Beaucoup de détails sont symboliques mais cela n’a pas d’importance si on ne les décrypte pas. Ainsi la petite fille en équilibre sur une poutre à la fin annonce la suite: Alice des Deux Côtés du Miroir. Ce deuxième roman s’inspire de l’arbre des Sephirot et le thème principal en est la notion d’Equilibre.

Accueillons l’année 2023


Chers et chères passagers de mes mots,

Jamais je n’ai été aussi bouleversée qu’à l’occasion de ce passage symbolique vers une nouvelle année. Janus, le dieu des portes, celui qui regarde à la fois vers le passé et l’avenir, semble avoir laissé ouverte la porte du Temple, celle qu’on laisse fermée en temps de paix. Rarement le bruit des bottes n’a été aussi inquiétant sur notre planète.

Je sais par expérience que chaque année nous apporte et nous enlève quelque chose. Notre caractère humain nous pousse à soupirer bruyamment sur ce qui nous a été arraché et à ne pas toujours être conscient de ce qui nous est offert en échange et cela sera encore plus difficile cette année. En effet, nous entrons dans une période ou le retrait est matériel et l’apport plus spirituel. On peut appeler cela « cure d’amaigrissement » ou « sobriété », « recentrage sur l’essentiel » ou « pénurie », selon que l’on est de nature confiante et joyeuse ou que l’on reste attaché au confort matériel. Je ne cache pas que j’oscille entre les deux, mon coeur accueillant volontiers cette nouvelle ère plus alignée avec mes valeurs tandis que mes mains s’accrochent désespérément aux biens accumulés, qui sont autant de souvenirs.

Dans la symbolique de l’ancien alphabet hébraïque, nous arrivons je crois à la dix-neuvième lettre: Qof. Elle a la forme d’une hache. Voici un extrait des Fantômes du Futur :

La hache est un outil dangereux mais combien nécessaire pour élaguer les branches inutiles. Avec ce nouvel instrument de destruction éclairée, la hache du discernement, nous acquérons le pouvoir de nous séparer du superflu et de nous affranchir de nos illusions. Ce n’est que lorsque nous aurons abandonné toutes les fausses richesses du monde de la matière par une coupure nette et au besoin violente que nous pourrons passer par le chas de l’aiguille.

Laissons le mot de la fin à un personnage d’Oscar Wilde: « We are all in the gutter but some of us are looking at the stars »/ Nous sommes tous dans le caniveau mais certains d’entre nous regardent vers les étoiles ».

C’est un bonheur d’appartenir au groupe de ceux qui, d’où qu’ils soient sur cette Terre, se retrouvent sur ce blog et, à n’en pas douter, regardent vers les étoiles.

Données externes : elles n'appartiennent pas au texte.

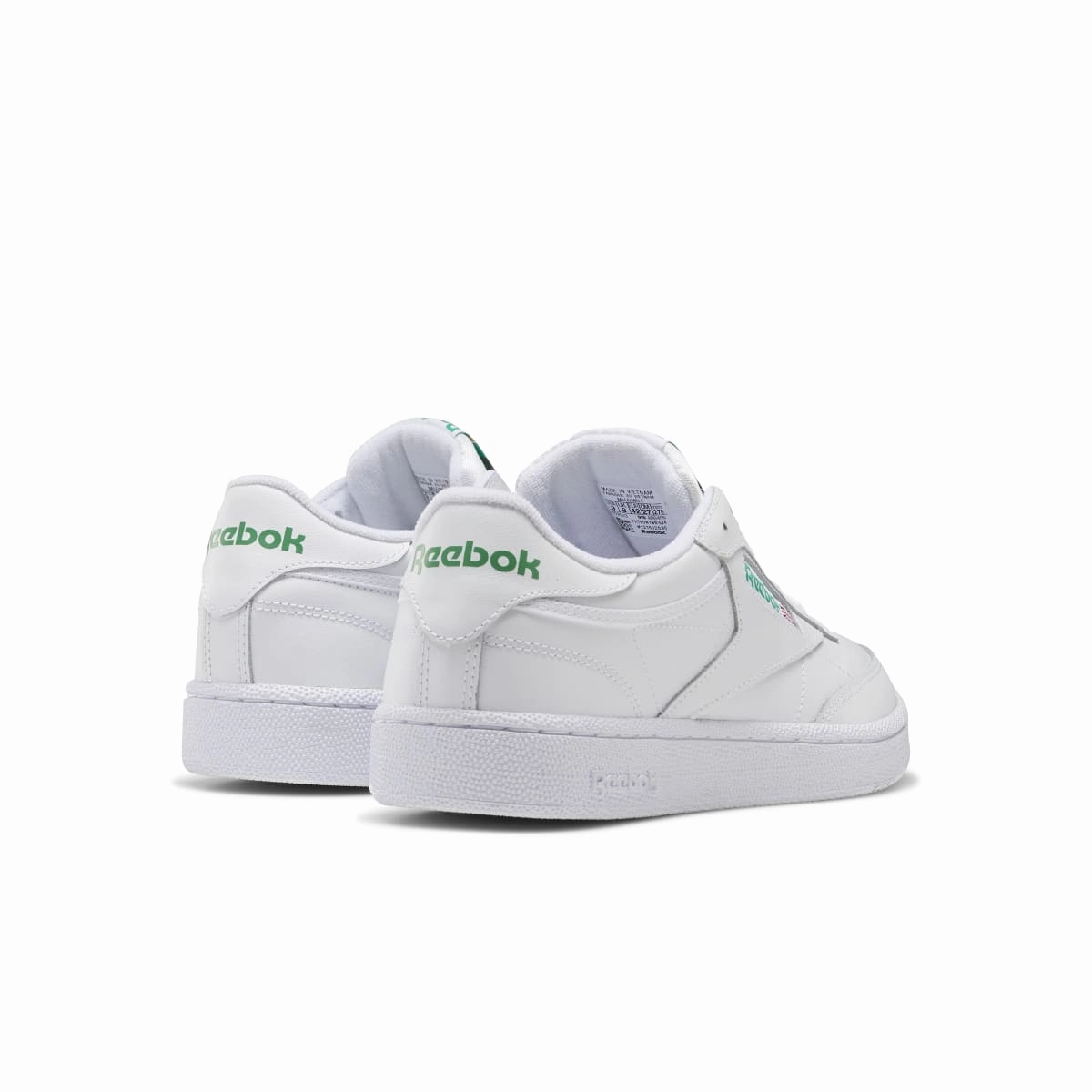 REEBOK AR0456 (100000155) CLUB C 85 MN'S (Medium) White/Green Leather Lifestyle Shoes Steady Hike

La civilisation métallique


Nous vivons au milieu des métaux que nous avons aspiré hors des roches de notre planète. Nous respirons ou avalons des métaux lourds dès notre plus jeune âge, nous voyageons dans des oiseaux ou des coursiers d’aciers, nous habitons dans des constructions aux angles vifs. Les fenêtres en aluminium ou les escalators, les lampes, les ponts… où que nous portions le regard, les créations humaines sont anguleuses et brillantes. Où que nous posions la main, les matières usinées sont froides et dures au toucher. Nous vivons dans la démesure de toutes les dimensions: les hauteurs, les distances, les rythmes de vie. Tout n’est que façade lisse où rien ne pénètre. L’air même n’y est pas naturel, chauffé ou refroidi, nettoyé, modifié, transportant jusqu’à vos narines des parfums synthétiques ou des odeurs d’usines. Les lumières sont faussement colorées, violentes jusque dans le confort étudié qu’elles apportent non pas à une personne mais à un individu type, issu de moyennes et de savants calculs. Quelqu’un qui n’existe pas vraiment.

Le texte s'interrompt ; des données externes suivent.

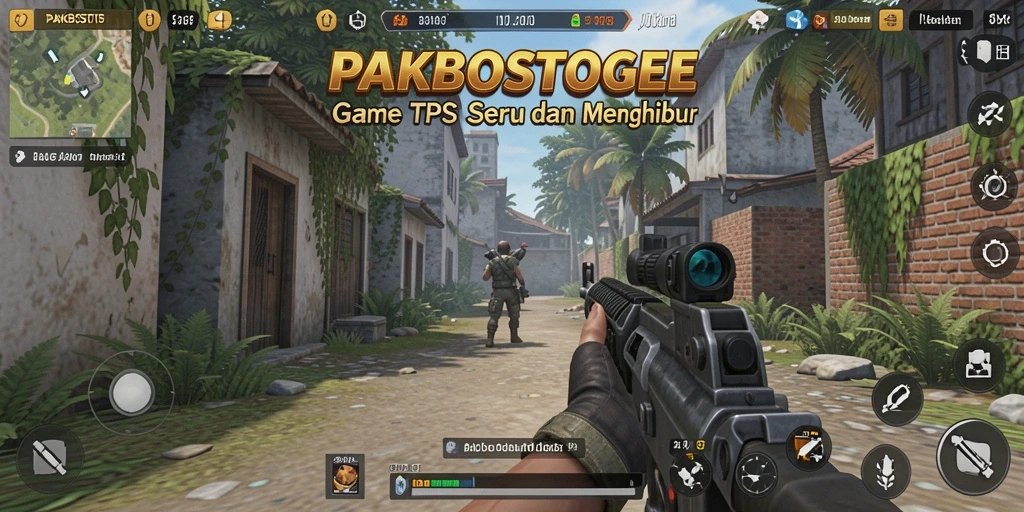Menampilkan aksi seru dalam gameplay PAKBOSTOGEL yang menegangkan.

Parfois je me promène dans le passé, dans de vieux quartiers où une tour ronde vous salue au détour d’une ruelle, où l’herbe pousse entre les pavés, où l’armature des maisons est faite de vieilles poutres de bois. La terre, le grès, le végétal m’accompagnent lorsque je descends dans une cave voutée. Il y fait frais et sombre, c’est ainsi. Je vais m’adapter. Le sol n’est pas plat, chaque pas est une découverte, un risque que l’on prend peut-être. Ça s’appelle vivre, je crois. Je peux ressortir, poursuivre mon errance, je n’ai plus de montre. Le soleil indique plus de seize heures. J’appuie ma joue contre une pierre ocre qui a chauffé tout le jour. Elle me parle, elle est rugueuse et porte la trace des ans. Rien de net et d’aseptisé. Et parfois, ça fait du bien.